■ **Dataset extract**
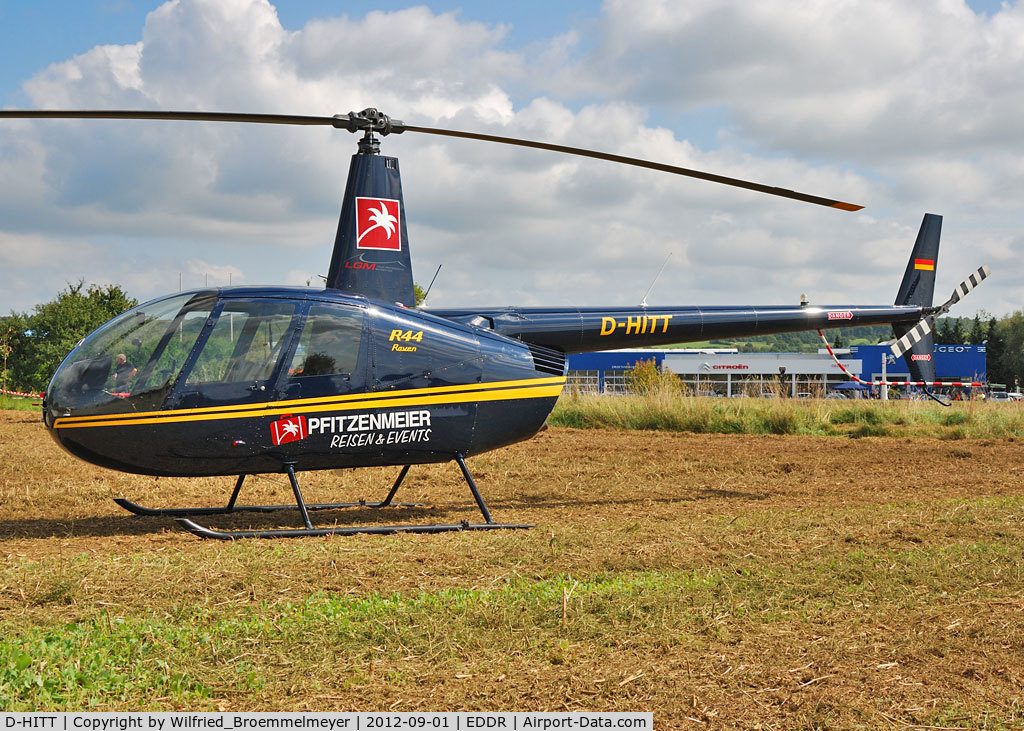 D-HITT, 2001 Robinson R44 Raven II C/N 0966, Shown at a local fair at the town of Assweiler near the airport of Saarbruecken (EDDR).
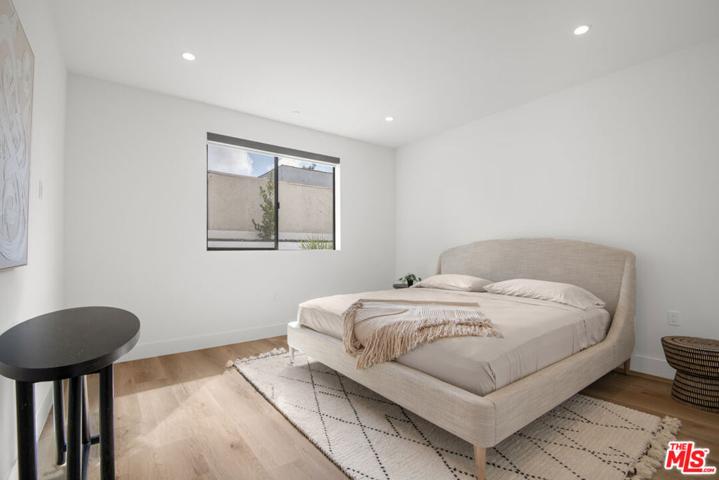 8326 Blackburn Avenue Unit 202, Los Angeles, California 90048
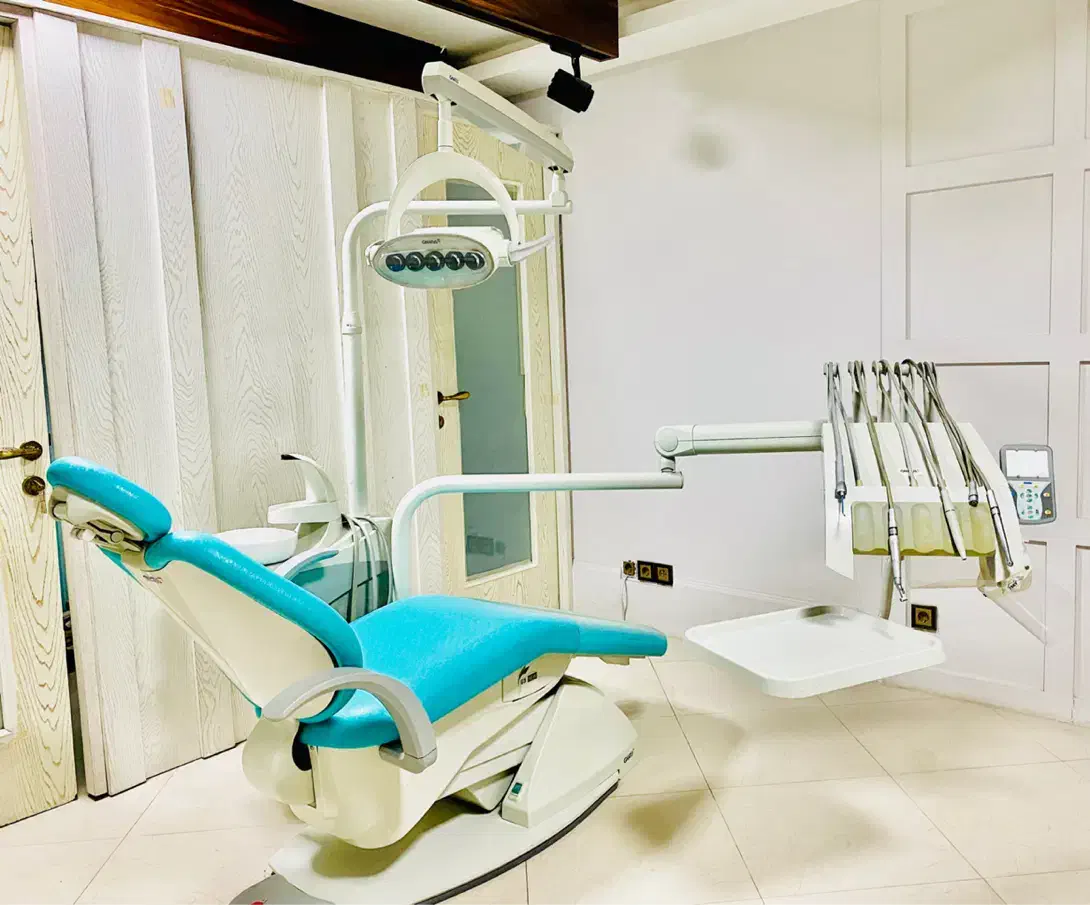 استخدام دونفر خانوم جوان(ترجیحا معلول)منشی تلفنی|استخدام درمانی، زیبایی، بهداشتی|مشهد, کوه سنگی|دیوار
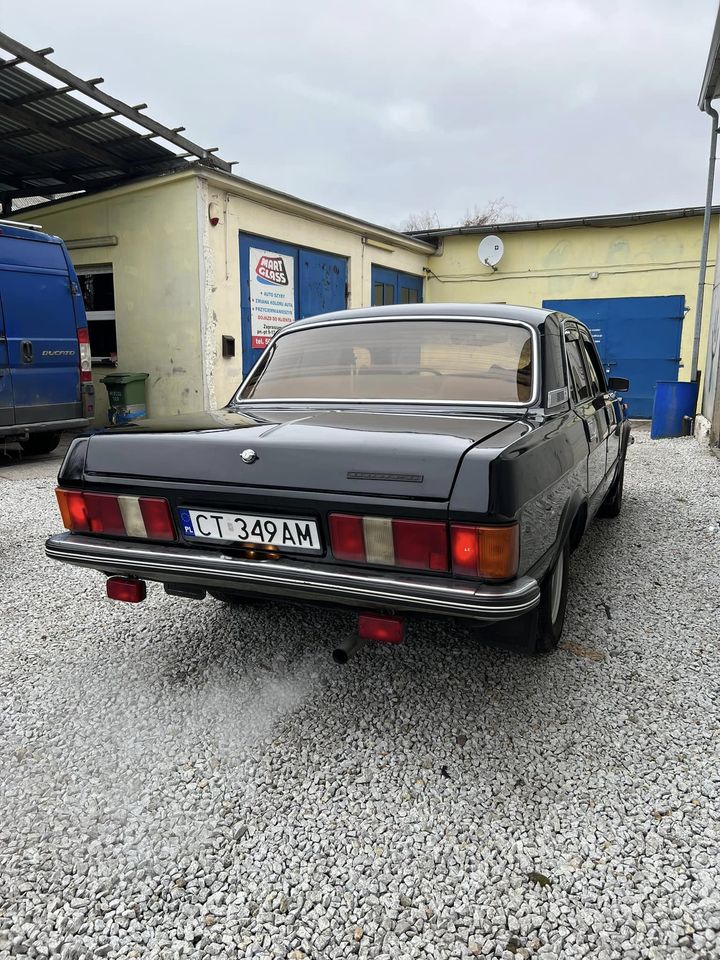 GAZ Wołga 3102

■ **Exercise instructions**
Please make an exact copy of the whole listing and leave out its pictures.

■ **Answer below**
 D-HITT, 2001 Robinson R44 Raven II C/N 0966, Shown at a local fair at the town of Assweiler near the airport of Saarbruecken (EDDR).
 8326 Blackburn Avenue Unit 202, Los Angeles, California 90048
 استخدام دونفر خانوم جوان(ترجیحا معلول)منشی تلفنی|استخدام درمانی، زیبایی، بهداشتی|مشهد, کوه سنگی|دیوار
 GAZ Wołga 3102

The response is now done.